All transactions that transfer Bitcoin do so by consuming one or more UTXOs, and create one or more new UTXOs. The only exception to this is the Coinbase transaction, which is limited to being the first transaction in a block, and is only allowed to create UTXOs that total block reward + block fees
or less.
Due to this basic structure of a transaction, it is impossible to create a bitcoin transaction that spends non-existent bitcoin. As the UTXOs being consumed do not exist, the transaction is rendered invalid the moment it is created.
Although this is impossible, why it is impossible is not immediately obvious to people unfamiliar with the details of how Bitcoin works - thus, many people, especially newcomers to the space, seek out such things as a way to quickly get some Bitcoin at no or low cost. Several scammer groups are aware of this, and put out videos showing edited block explorers/wallets that seem to allow them to initiate fake transactions.
These groups then offer to give you access to this software for a small fee, or just let you download it for free - however, not only does it not work as advertised, most of these programs are trojan horses, and contain code to steal Bitcoin wallets on your system, or grant the scammers persistent remote access to your machine.
Answering each point directly:
Why can I not just make up bitcoins?
As all bitcoin in the system are the result of either a coinbase transaction, or the outputs of a transaction that moved previously extant bitcoin, it is not possible to introduce new Bitcoin into the system without being detected.
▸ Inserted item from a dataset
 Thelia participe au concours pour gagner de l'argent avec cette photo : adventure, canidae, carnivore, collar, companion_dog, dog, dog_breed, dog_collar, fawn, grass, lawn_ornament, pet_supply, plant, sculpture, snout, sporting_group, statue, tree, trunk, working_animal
Any UTXO at any point of time must always be traced back to one or more coinbase outputs.
Why will fraudulent transactions not get relayed on the network?
All well behaved nodes on the network validate transactions before accepting them to their mempool, or rebroadcasting them further - part of this validation is checking all utxos in the transaction against the node's own list of valid utxos. If the transaction claims to spend a UTXO that does not exist in the node's list, the transaction is deemed invalid and dropped.
Why can only the owner spend their funds?
Standard Bitcoin addresses rely on one (single key addresses) or more (multisig addresses) private keys. The public keys corresponding to these private keys are encoded into the address itself, inside its locking script (also known as the scriptPubKey
). During the evaluation of these scripts, the signature on that input is matched against the embedded public key(s). If the signature does not match, the transaction is deemed invalid.
Note that it is possible to create outputs with no "owner" - The Bitcoin script does not require all locking scripts to include a key check, and it is possible to construct a non-standard script that requires no signatures to spend. However, no consumer wallet does this, and essentially all addresses a normal user will encounter will be backed by one or more private keys.
Why can a third party not alter the recipients of a transaction?
Standard transactions are signed using the SIGHASH_ALL
signature flag. This means that the signature for any one input signs all inputs and outputs (in effect, signing all material aspects of the transaction). If any input or output is altered, removed, or otherwise changed, the signature is no longer valid as the data it signs has changed.
It is possible to construct a transaction using other signature flags, as described in my blog post here. However, once again, no consumer wallet uses anything except SIGHASH_ALL
.
What prevents a miner from taking the funds of your transaction when creating a block?
Similar to the previous point, a miner is also unable to alter the outputs of your transactions due SIGHASH_ALL
signing the entire transaction. If a transaction is intentionally signed with SIGHASH_NONE
, a miner could very well take the funds. However, as no sane wallets performs such a signature, this does not happen.